CHUCK COSTA, EPA: I don't think anybody expected to see as quick a result as we had with the oleofilic fertilizer, the surface action that we saw. I mean, it's interesting, the country just hasn't done that much with oil spills. We've been working hard at using biodegradation or looking into bio-remediation of hazardous waste sites, for example, but with oil, there hasn't been much work. And maybe this is going to be the kickoff to really spur it on for future oil spills.
MR. HOCHBERG: Faced with oily beaches and a public relations nightmare, Exxon has been hustling television reporters to Green Island, a beach that's been treated with the fertilizer for a month now and looks somewhat better. But even on this beach, which Exxon considers a success story, you rub your finger across some of these rocks and it comes up oily.
OTTO HARRISON, Exxon Spokesman: When you're talking about clean and dirty, what status do you call this? If you want to have a beach that's not harmful to the wildlife, that is restoring, that's this beach. If you want to say do you want to have a picnic on here yet, that's not this beach yet.
MR. HOCHBERG: The federal government's top scientific advisor of the spill says Exxon's hot water scrubbing of the beaches may actually delay the day that those beaches are again ready for a picnic.
DAVID KENNEDY: The damage as a result of that cleaning process is, in fact, much worse than the oil being left there would be.
MR. HOCHBERG: David Kennedy of the National Oceanic and Atmospheric Administration says the scalding water and high water pressure killed beach organisms that had managed to survive the oil. He predicts the beaches that will rejuvenate fastest are the ones nature scours clean with storms and tides.
DAVID KENNEDY, NOAA Scientist: I would hope that within the next three to five years the majority of any damage that was caused by this would be almost negligible and feel fairly confident that will be the case.
MR. HOCHBERG: When then did Exxon spend a billion dollars buffing the beaches? Across Alaska, the common wisdom is that Exxon spent the money to placate angry Alaskans and to provide jobs for out of work fishermen.
LANCE PARK, Cleanup Worker: My personal opinion is they didn't really get a lot done. It's kind of like they're trying to buy our happiness or something.

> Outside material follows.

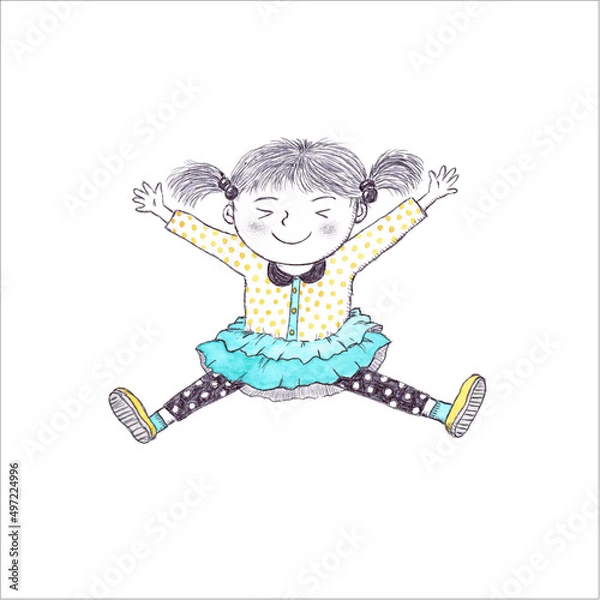 Fototapeta Jumping girl_2 on the white background, Girl, Jump, Jumping, Happy, Glad, Grateful, Joy, Joyful, Bright, Delight, Delightful
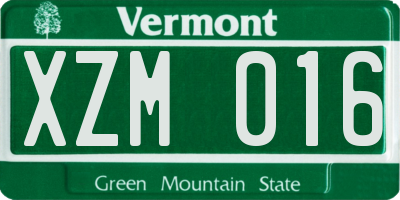 VT license plate XZM016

MIKE WYBORNEY, Cleanup Worker: They're just spending the money to buy off the people, you know, that are working. And just to keep everybody shut up or satisfied, you know, Alaska's been poor for several years now so this is keeping them shut up and I think they bought 'em off. That's all there is to it.
TERRY KOONCE, Senior Vice President, Exxon: We've not been trying to buy out anybody. We've been trying to get the job done. We said early on that, you know, it was our spill, it was our oil, it was our people. We take full responsibility for it. We're sorry that it happened, and we are sorry that it happened, but we're going to do everything we can to mitigate its impact and to put it right.

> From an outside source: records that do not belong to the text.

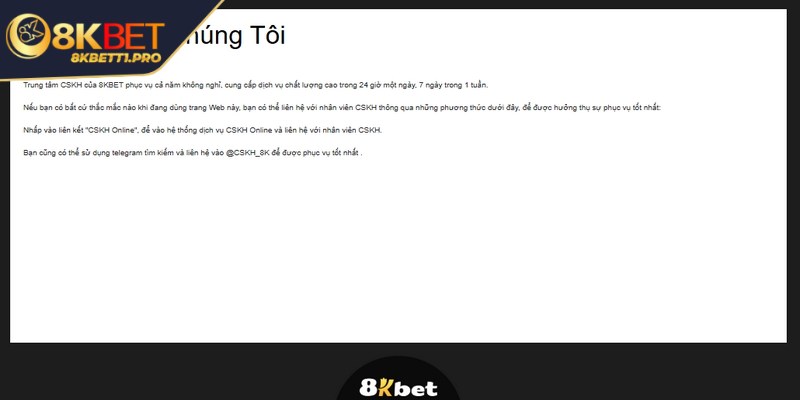 Liên hệ 8KBET – Kênh hỗ trợ kết nối với nhà cái nhanh chóng 1 Giới thiệu về tính năng liên hệ 8KBET
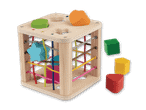 Holz-Motorikwürfel mit bunten Gummibändern und Formsteckern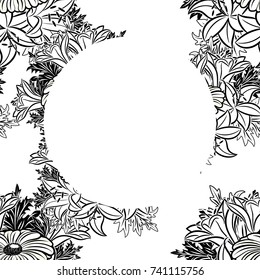frame with flowers for congratulations, cards, price tags, flyers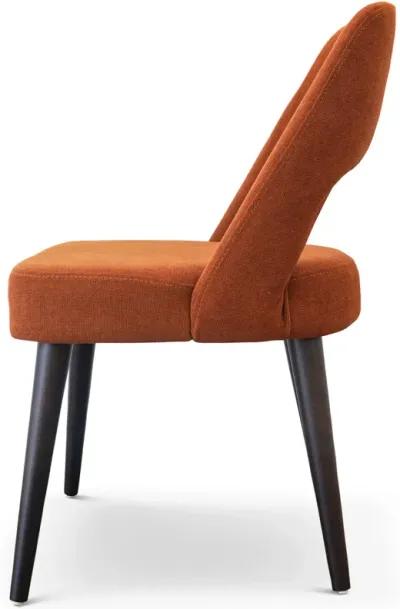 Ariana Modern Dining Chair Burnt Orange Fabric Set of 2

MR. HOCHBERG: With Exxon pulling out of the state tomorrow, Alaskans are bracing for a long, unsure winter. In fishing villages like Cordova and Homer and Kodiak, mental health referrals and reports of domestic violence shot up dramatically when fishing seasons were cancelled and again in recent weeks.
PAUL RUFF, Kodiak City Mental Health Department: They see the pullout at this point as another destabilizing factor, so as people had sort of achieved some equilibrium now there's another major change in people's lives and in the community and in the economics of the community and in sort of the job structure of the community is all going to be destabilized in a number of ways again.

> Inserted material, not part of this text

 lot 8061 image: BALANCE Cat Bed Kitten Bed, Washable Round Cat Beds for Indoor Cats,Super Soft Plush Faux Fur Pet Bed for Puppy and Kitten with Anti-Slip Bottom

SANDRA JOHNSON, Kodiak Island Native: Next year is the fishing season going to be open, or is it going to be just nothing? Is it no Vico, no Exxon, nothing, no fish, so what are the people going to do?
MR. HOCHBERG: Native villagers on Kodiak Island feared they might not have enough fish to even get through this winter. Twenty-five hundred natives live a subsistence lifestyle, catching fish in the summer to support them in the winter, but the state had cancelled the commercial fishing season this year because of oily water. Unemployed natives went to work for Exxon. Now with Exxon's cleanup ending, the state offered the natives a special two day season to catch a winter's worth of salmon in the Carluck River. Allen Panamaroff headed up the operation.
ALLEN PANAMAROFF: Up to now we've got about since yesterday and today, we've got approximately 14,000.
MR. HOCHBERG: Are you going to be able to catch enough?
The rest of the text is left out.